Sameer Imtiaz

Posted on Jun 11

Bash Mastery: Lessons from a Decade of Production Challenges

#bash #errors #linux

Six months ago, a single bash script I crafted flawlessly executed 75,000 server deployments. Three years prior, my scripts were causing production outages almost biweekly. Here’s how I transformed my approach.

Since 2013, I’ve been writing bash scripts professionally. Early on, my scripts were fragile—functional on my local setup but prone to mysterious failures in production. Debugging felt like navigating a maze blindfolded.

After numerous late-night fire drills, botched deployments, and an infamous incident where I inadvertently wiped out a quarter of our testing environment, I honed techniques to create reliable bash scripts.

These aren’t beginner tips from tutorials. They’re battle-tested insights from high-stakes production environments where errors translate to real financial losses.

🔐 Overlooked Security Practices

Bash scripts often become security liabilities if not handled carefully.

Robust Input Validation

Tutorials preach input sanitization, but practical examples are rare. After our security team flagged vulnerabilities in my scripts, I adopted this approach:

# Old, insecure way (avoid this)
user_input="$1"
mysql -u admin -p"$password" -e "SELECT * FROM users WHERE id='$user_input'"

# New, secure approach
sanitize_user_input() {
    local input="$1"
    local length_limit="${2:-50}"

    # Strip non-alphanumeric characters except underscores and hyphens
    input=$(echo "$input" | tr -cd '[:alnum:]_-')
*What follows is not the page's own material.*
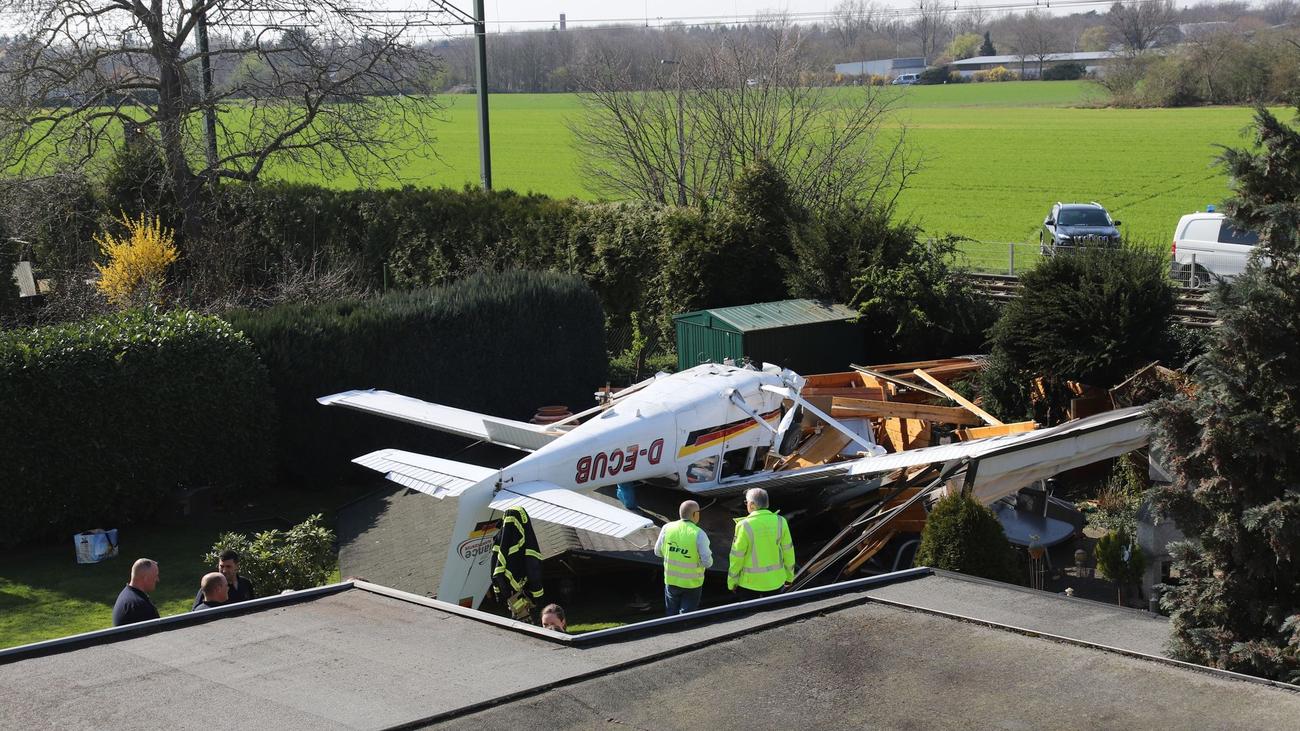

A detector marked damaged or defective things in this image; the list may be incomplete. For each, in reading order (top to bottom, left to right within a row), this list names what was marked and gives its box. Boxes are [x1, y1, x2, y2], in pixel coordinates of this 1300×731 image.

    # Enforce length limit
    input="${input:0:$length_limit}"

    # Check for valid input
    if [[ -z "$input" ]]; then
        echo "Error: Input contains invalid characters" >&2
        return 1
    fi

    echo "$input"
}

# Usage
user_input=$(sanitize_user_input "$1") || exit 1
mysql -u admin -p"$password" -e "SELECT * FROM users WHERE id='${user_input}'"

Environment Variable Checks

A missing environment variable once crashed our production system. Now, I validate them upfront:

check_required_vars() {
    local required=(
        "DB_HOST"
        "AUTH_TOKEN"
        "ENVIRONMENT"
        "LOG_LEVEL"
    )
    local missing=()

    for var in "${required[@]}"; do
        if [[ -z "${!var}" ]]; then
            missing+=("$var")
        fi
    done

    if [[ ${#missing[@]} -gt 0 ]]; then
        echo "Error: Missing environment variables:" >&2
        for var in "${missing[@]}"; do
            echo "  $var" >&2
        done
        echo "Please set these variables." >&2
        exit 1
    fi
}

# Run at script start
check_required_vars

Secure Secret Handling

Hardcoding secrets is a recipe for disaster. Here’s my evolution:

# Avoid: Hardcoded credentials
DB_PASS="mysecret123"

# Better: Use environment variables
DB_PASS="${DB_PASS:?Error: DB_PASS not set}"

# Best: External secret retrieval
fetch_secret() {
    local secret_id="$1"
    local secret_path="/secrets/$secret_id"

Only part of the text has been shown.